> PROMPT:
Output the entries below exactly, from the first line to the line holding "Зачем у Днепра вырезают зеленые легкие?", both included.

> Saved entries:
..............................
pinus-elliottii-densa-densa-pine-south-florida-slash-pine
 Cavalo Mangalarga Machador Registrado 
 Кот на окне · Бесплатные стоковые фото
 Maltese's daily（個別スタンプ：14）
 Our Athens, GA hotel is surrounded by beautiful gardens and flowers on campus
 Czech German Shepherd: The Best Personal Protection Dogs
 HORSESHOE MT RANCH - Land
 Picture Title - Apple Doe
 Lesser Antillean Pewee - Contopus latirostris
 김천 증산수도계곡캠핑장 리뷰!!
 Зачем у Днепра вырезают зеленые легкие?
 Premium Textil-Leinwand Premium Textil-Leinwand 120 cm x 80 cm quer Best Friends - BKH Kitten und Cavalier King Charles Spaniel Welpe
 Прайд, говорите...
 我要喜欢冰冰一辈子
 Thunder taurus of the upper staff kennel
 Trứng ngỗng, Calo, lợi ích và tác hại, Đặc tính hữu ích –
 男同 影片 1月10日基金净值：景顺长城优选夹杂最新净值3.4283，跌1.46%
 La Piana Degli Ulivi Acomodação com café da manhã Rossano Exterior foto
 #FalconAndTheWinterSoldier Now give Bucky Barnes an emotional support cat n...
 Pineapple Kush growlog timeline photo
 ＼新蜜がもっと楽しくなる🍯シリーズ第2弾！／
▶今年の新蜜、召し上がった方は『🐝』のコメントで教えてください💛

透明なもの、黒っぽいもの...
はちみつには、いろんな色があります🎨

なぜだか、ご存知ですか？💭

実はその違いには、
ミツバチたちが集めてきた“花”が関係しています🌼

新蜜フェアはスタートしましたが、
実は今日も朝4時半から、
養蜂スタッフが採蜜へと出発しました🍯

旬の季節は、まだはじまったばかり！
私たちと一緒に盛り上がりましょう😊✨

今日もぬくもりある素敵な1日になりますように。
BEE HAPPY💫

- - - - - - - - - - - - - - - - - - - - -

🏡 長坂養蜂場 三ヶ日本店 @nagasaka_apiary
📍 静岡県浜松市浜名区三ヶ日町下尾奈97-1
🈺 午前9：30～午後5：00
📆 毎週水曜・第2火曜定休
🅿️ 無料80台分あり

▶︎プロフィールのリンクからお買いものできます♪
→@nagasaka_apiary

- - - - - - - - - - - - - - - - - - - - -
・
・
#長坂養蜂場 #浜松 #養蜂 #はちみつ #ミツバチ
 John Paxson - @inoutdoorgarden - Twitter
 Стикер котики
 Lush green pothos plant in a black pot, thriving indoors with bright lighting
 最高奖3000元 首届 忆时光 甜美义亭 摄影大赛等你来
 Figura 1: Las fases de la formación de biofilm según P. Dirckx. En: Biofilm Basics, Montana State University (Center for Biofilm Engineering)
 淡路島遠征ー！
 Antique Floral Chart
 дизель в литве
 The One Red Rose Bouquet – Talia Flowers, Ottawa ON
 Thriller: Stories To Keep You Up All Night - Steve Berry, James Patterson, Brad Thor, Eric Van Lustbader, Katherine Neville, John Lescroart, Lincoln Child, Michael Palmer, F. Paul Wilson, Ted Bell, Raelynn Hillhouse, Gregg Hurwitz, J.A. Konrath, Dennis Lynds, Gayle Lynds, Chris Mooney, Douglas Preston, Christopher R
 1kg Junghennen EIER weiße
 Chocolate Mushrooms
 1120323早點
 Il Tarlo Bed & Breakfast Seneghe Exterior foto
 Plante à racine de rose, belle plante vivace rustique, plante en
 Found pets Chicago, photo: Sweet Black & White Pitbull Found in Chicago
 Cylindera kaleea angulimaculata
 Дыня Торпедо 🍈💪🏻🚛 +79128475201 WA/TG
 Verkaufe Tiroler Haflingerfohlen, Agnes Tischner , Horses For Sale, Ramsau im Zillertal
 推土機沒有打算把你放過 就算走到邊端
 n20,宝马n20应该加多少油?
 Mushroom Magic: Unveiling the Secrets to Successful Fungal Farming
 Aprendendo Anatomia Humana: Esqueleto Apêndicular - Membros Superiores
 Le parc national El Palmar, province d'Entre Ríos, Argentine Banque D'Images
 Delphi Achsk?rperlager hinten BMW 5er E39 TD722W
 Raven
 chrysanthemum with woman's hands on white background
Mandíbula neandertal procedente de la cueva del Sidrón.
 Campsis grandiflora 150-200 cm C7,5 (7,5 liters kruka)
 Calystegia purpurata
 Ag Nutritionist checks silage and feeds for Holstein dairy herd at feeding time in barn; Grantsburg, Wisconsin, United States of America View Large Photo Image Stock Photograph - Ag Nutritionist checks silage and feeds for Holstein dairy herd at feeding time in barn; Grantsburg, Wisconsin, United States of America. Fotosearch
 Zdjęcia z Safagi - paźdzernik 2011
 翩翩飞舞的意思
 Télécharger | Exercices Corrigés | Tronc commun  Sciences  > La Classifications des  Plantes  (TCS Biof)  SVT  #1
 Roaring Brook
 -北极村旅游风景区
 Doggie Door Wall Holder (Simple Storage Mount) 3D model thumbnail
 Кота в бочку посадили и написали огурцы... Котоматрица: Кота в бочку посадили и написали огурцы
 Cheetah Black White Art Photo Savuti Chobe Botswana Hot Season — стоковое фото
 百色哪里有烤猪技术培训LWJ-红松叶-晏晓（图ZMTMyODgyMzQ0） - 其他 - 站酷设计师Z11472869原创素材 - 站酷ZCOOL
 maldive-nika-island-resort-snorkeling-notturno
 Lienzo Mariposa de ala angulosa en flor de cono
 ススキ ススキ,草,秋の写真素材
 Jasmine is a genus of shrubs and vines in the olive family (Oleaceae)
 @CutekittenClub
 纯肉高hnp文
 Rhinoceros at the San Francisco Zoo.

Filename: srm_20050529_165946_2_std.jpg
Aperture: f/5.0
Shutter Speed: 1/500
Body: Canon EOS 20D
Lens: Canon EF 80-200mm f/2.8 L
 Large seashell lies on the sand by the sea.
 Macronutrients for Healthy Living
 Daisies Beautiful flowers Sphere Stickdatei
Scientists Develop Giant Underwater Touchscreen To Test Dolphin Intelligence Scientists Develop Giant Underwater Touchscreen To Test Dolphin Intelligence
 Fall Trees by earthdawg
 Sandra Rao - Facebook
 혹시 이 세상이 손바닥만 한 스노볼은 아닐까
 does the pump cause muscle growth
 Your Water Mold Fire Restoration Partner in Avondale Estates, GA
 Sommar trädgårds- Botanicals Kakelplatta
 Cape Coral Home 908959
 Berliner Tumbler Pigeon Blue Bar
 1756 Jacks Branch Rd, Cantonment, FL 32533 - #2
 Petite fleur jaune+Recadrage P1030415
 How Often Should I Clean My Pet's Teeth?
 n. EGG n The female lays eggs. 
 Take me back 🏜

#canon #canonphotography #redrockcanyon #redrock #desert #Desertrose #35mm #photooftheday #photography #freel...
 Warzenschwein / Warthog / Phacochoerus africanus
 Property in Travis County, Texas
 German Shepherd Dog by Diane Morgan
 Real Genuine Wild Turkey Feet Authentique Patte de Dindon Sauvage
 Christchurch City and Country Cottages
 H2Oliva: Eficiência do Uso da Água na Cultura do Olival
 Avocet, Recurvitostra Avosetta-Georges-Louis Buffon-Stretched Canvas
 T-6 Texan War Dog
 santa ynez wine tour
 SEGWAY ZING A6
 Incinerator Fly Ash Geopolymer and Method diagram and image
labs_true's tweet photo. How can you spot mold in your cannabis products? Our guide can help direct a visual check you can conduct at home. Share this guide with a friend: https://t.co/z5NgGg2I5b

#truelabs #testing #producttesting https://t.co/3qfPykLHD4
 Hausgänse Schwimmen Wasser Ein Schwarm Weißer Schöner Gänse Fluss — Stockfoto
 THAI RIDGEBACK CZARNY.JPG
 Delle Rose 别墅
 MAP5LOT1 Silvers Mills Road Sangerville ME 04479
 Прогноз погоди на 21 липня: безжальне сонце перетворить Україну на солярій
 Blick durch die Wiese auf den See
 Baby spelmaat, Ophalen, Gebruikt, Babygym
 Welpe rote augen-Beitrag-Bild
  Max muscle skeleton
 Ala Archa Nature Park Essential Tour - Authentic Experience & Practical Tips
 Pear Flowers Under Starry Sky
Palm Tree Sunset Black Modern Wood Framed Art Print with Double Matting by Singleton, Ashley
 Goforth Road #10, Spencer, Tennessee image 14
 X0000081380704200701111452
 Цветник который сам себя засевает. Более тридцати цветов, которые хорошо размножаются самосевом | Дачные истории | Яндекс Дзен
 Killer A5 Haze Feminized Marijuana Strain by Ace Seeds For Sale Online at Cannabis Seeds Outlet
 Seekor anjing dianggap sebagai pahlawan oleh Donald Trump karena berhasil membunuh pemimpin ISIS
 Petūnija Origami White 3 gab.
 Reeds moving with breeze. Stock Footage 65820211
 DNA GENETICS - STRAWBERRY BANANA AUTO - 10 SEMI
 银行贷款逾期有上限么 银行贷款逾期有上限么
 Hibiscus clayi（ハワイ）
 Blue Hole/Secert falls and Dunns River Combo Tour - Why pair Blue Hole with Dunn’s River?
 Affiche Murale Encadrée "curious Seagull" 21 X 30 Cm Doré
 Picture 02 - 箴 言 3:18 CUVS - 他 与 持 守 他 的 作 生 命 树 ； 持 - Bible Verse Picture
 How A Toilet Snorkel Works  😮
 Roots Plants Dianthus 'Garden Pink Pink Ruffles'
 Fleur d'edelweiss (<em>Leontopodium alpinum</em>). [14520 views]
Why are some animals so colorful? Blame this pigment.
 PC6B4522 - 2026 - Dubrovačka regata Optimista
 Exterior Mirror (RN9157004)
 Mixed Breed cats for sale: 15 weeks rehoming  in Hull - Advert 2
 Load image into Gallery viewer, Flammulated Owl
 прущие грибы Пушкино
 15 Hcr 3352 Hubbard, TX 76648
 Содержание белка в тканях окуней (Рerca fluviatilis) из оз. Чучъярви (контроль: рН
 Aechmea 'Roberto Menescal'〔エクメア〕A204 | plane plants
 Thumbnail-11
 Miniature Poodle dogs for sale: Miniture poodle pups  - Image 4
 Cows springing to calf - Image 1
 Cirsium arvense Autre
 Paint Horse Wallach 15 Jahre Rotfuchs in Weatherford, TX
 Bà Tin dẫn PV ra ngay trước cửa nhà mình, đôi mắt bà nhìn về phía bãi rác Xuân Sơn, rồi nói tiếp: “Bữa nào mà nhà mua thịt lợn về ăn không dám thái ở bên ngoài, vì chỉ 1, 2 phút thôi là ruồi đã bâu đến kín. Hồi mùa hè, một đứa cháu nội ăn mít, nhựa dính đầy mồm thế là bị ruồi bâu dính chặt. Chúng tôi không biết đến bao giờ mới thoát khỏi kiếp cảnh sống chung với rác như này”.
..............................
> COMPLETED TASK:
pinus-elliottii-densa-densa-pine-south-florida-slash-pine
 Cavalo Mangalarga Machador Registrado 
 Кот на окне · Бесплатные стоковые фото
 Maltese's daily（個別スタンプ：14）
 Our Athens, GA hotel is surrounded by beautiful gardens and flowers on campus
 Czech German Shepherd: The Best Personal Protection Dogs
 HORSESHOE MT RANCH - Land
 Picture Title - Apple Doe
 Lesser Antillean Pewee - Contopus latirostris
 김천 증산수도계곡캠핑장 리뷰!!
 Зачем у Днепра вырезают зеленые легкие?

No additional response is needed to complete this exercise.